Это лишь краткое введение в тему «Что произойдёт с моими вещами, когда я умру». Большинству людей, чья финансовая и имущественная жизнь относительно проста, общего понимания этой теории должно быть достаточно. В частности, я не пытался приобщить вас к хитросплетениям налогов на наследование недвижимого имущества или — для читателей-либертарианцев — «налога на смерть», разговор о которых может легко вывести из душевного равновесия более состоятельных людей. Другие усложняющие дело условия, которых я не коснулся, — это владение малым бизнесом, находящиеся в собственности произведения искусства, дети от разных браков, права на трасты от предшествующих поколений, недееспособные члены семьи или родственники-инвалиды, домашние животные и т.д.
Наконец, неписаные правила коллегии адвокатов, а также наши страховые компании требуют от меня, чтобы я напомнил вам, что всё вышесказанное не является юридической консультацией и чтобы, обдумывая, как распорядиться своим имуществом, вы обратились к квалифицированному адвокату. К тому же, это чистая правда. У каждого из нас имеются свои жизненные обстоятельства, требующие индивидуального подхода, выходящего далеко за рамки обзора, подобного этому.
Завещание о жизни и медицинская доверенность
Сейчас читателю уже должна быть хорошо знакома идея о том, что смерть наступает вслед за болезнью и старостью — если, конечно, вас не постигнет несчастье обойти этот процесс и умереть молодым и здоровым. В этом разделе мы обсудим юридические вопросы, имеющие непосредственное отношение к болезни и старости, в частности период, на который одно из этих состояний или они оба лишают вас дееспособности. В то время как распределение собственности в связи со смертью — одна из самых древних и чётко определённых юридических задач, правовые вопросы, связанные с медицинскими решениями, касающимися людей, ставших недееспособными из-за болезни или старости, были и остаются источником значительных социальных и юридических противоречий.
Эти вопросы обостряет безжалостный прогресс медицинской науки и технологий искусственного жизнеобеспечения (или обеспечения того, что понимает под «жизнью» медицина), а также медицинское определение смерти. Во времена бревенчатых изб люди умирали дома. Разумеется, иногда им приходилось принимать сложные решения, однако это происходило в частной сфере, внутри семьи, вне зоны досягаемости организованной медицины и всевидящего ока закона. Сейчас умирающие люди гораздо чаще — возможно, даже неизбежно, — подвергаются сложным медицинским процедурам, оказывающим влияние на процесс умирания и требующим принятия доселе неизвестных решений. Важно заметить, что эти решения принимаются за пределами круга близких родственников, в контексте лечебного учреждения, с участием профессиональных медицинских работников и общественного интереса в форме федерального закона. То, что было преимущественно личным делом, становится делом всё более общественным.
Возникновение новых вариантов выбора, связанных с уходом из жизни, ставит перед обществом новые вопросы, касающиеся проблемы того, кто и за кого может делать этот выбор. Если эти вопросы вступают друг с другом в противоречие, они в конце концов доходят до правовой системы, играющей в обществе роль третейского судьи, к которому обращаются в самом крайнем случае. На суде споры принимают форму матрицы соперничающих друг с другом «прав» и «интересов», то есть переосмысливается в юридическом ключе. К заинтересованным лицам относятся индивид (к несчастью, это вы), его ближайшие родственники, государство, представляющее «общественные» интересы, профессиональная медицина, а также, в худшем случае, хищники от СМИ и политпропаганды.

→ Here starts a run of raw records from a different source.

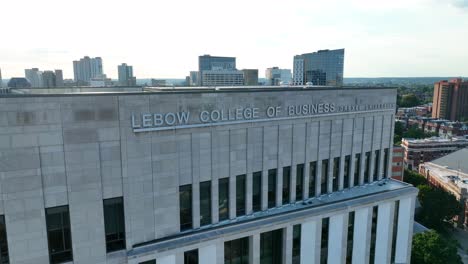 Toma-Aérea-Ascendente-De-Lebow-College-Of-Business-En-Drexel-University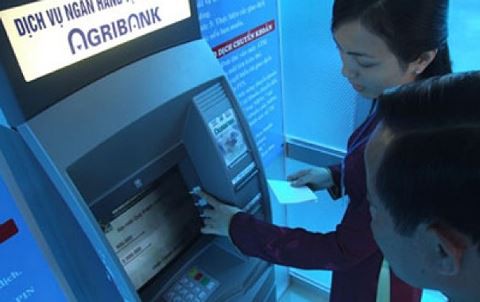 Agribank xem xét bồi hoàn cho khách hàng bị rút trộm tiền trong đêm - Ảnh 1.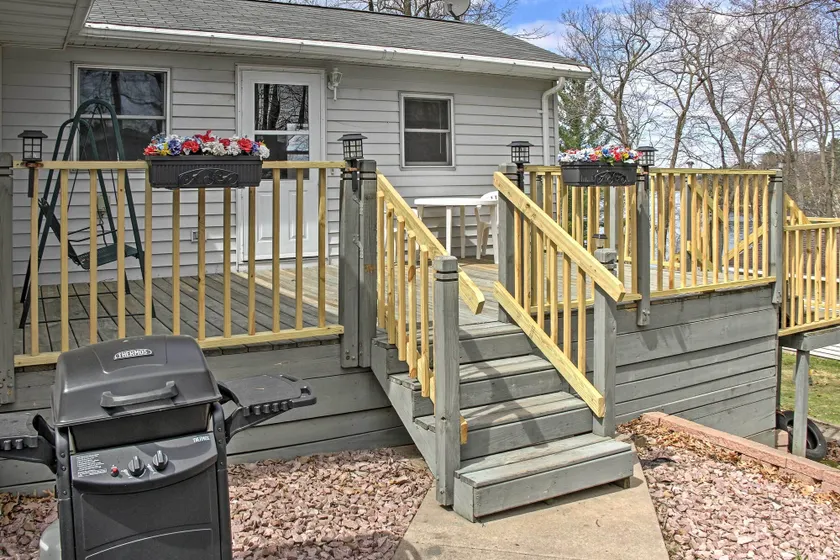 Cozy Balsam Lake Home: Deck, Private Dock + Kayaks - Innenbereich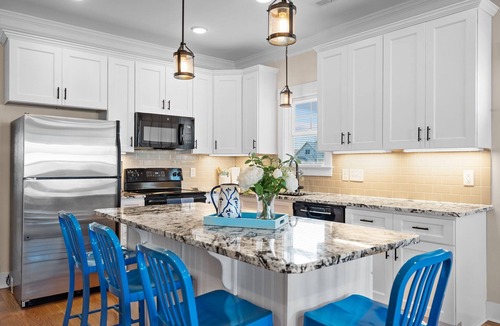 Wilmington Beach House | T2 Carolina Beach House (3 blocks from the beach)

К противоречащим друг другу правам и интересам относятся право индивида «на личную жизнь», право семьи действовать в интересах умирающего родственника (а также, возможно, умершего родственника), общественный и уголовный запрет на самоубийство и эвтаназию, а также этическое обязательство врача поддерживать жизнь умирающего. Большинство споров ведётся в сфере убеждений о смерти (проявляющихся как чрезвычайно яркие эмоции), значительно отличающихся от представленных в книге, которую вы сейчас читаете.

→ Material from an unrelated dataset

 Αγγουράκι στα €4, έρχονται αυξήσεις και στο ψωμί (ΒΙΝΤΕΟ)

В данном контексте нет места для подробного рассмотрения этого заслуживающего внимания явления. С юридической точки зрения «право на личную жизнь» не прописано в Конституции Соединённых Штатов напрямую, однако это робкое создание, скрывающееся в многослойных тенях (полутенях) различных прямых гарантий Билля о правах, было порождено судебной властью. Ему ещё предстоит снять с себя клеймо незаконнорождённого дитя. «Личные» смерти Карен Энн Куинлан, Нэнси Крузан и — совсем недавно — Терри Шайво стали достоянием закона, когда эти женщины не смогли умереть (или жить) из- за противоречий между прогрессом медицины, семейными и социальными убеждениями, а также вопросами гуманности, выходящими далеко за пределы возможностей правового анализа.